This Section explains the working of monetary unions and common currency areas. The Section also examines the case for and against optimum currency areas. Countries are facing external economic shocks all the time. By changing its exchange rate, a country can lessen the disruptive effect on its economy. If the country has a flexible exchange rate policy, it can have some potentially harmful effects, like making prices volatile, and governments not being able to check inflation. So a country might like to get the same type of benefits that are conferred by the fixed exchange rate system, and avoid the rigidities at the same time. This is possible 
through an optimum currency area.
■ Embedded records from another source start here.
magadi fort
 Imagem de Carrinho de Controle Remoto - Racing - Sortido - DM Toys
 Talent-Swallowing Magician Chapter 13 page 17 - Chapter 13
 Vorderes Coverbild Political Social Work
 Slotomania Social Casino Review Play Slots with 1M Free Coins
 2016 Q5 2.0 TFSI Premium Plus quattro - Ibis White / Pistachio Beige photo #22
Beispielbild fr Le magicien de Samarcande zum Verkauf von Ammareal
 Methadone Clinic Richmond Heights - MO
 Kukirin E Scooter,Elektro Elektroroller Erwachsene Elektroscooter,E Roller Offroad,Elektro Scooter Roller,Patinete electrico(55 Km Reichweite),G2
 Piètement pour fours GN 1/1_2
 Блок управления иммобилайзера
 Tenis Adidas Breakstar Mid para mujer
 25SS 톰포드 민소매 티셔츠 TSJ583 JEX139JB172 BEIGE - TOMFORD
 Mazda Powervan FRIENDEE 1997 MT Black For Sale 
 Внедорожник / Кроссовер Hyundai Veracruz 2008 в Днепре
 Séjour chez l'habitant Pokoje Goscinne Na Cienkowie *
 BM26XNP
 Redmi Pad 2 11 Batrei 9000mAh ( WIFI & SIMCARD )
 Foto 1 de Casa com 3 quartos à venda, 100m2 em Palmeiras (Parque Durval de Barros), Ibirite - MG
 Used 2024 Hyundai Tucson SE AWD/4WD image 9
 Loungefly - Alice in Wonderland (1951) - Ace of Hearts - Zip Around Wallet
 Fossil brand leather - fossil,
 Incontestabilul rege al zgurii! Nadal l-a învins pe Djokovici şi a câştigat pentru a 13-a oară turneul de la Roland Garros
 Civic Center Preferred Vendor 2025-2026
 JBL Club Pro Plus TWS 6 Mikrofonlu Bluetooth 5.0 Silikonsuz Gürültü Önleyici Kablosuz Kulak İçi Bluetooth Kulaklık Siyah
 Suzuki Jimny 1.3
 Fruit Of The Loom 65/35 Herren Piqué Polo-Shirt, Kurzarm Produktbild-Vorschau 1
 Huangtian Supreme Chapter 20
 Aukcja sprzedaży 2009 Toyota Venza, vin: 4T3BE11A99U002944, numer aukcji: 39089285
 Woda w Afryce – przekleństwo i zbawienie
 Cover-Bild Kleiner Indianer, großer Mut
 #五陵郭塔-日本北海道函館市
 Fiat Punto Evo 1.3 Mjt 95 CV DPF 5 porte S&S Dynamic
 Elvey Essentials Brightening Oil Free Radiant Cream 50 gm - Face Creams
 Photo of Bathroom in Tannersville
The basic theory of currency unions was put forward by Robert Mundell, who later went on to win a Nobel Prize for his work A country's costs and benefits from joining a fixed-exchange area depend on how well integrated its economy is with its potential partners. The theory of optimum currency areas suggests that fixed exchange rates are most appropriate for areas closely integrated through international trade and factor movements. A major benefit of fixed rates is that they simplify economic calculations and provide a more predictable basis for decisions that involve international transactions as compared
to floating rates. The monetary efficiency gain from joining the fixed exchange rate system is the comparative saving from avoiding the uncertainty and transactions costs that arise from floating exchange rates. A high degree of economic integration between a country and a fixed-exchange rate area amplifies the monetary efficiency gain that accrues to the country when it pegs its exchange rate against the area's currencies. Another reason why high integration with a fixed exchange area increases a country's benefits from joining the area is economic integration leads to international price convergence and hence lessens the scope for independent variation in the pegging country's price level. 

Membership in an exchange area may involve costs as well, even when the area has low inflation. These costs arise because a country joining an exchange rate area gives up its ability to use the exchange rate and monetary policy for the purpose of stabilising output and employment. This economic stability loss from joining like its benefits from joining is related to the country's economic integration with its exchange rate partners. Now, a basic result is that a high degree of economic integration between a country and the fixed exchange rate area it joins reduces the resulting economic stability loss due to output market disturbances. This finding as well as the previous one about high degree of economic integration increasing the benefits of a country joining a fixed-exchange rate area explains the existence of optimum currency area which is a region with economies closely linked by trade in goods and services and factor mobility.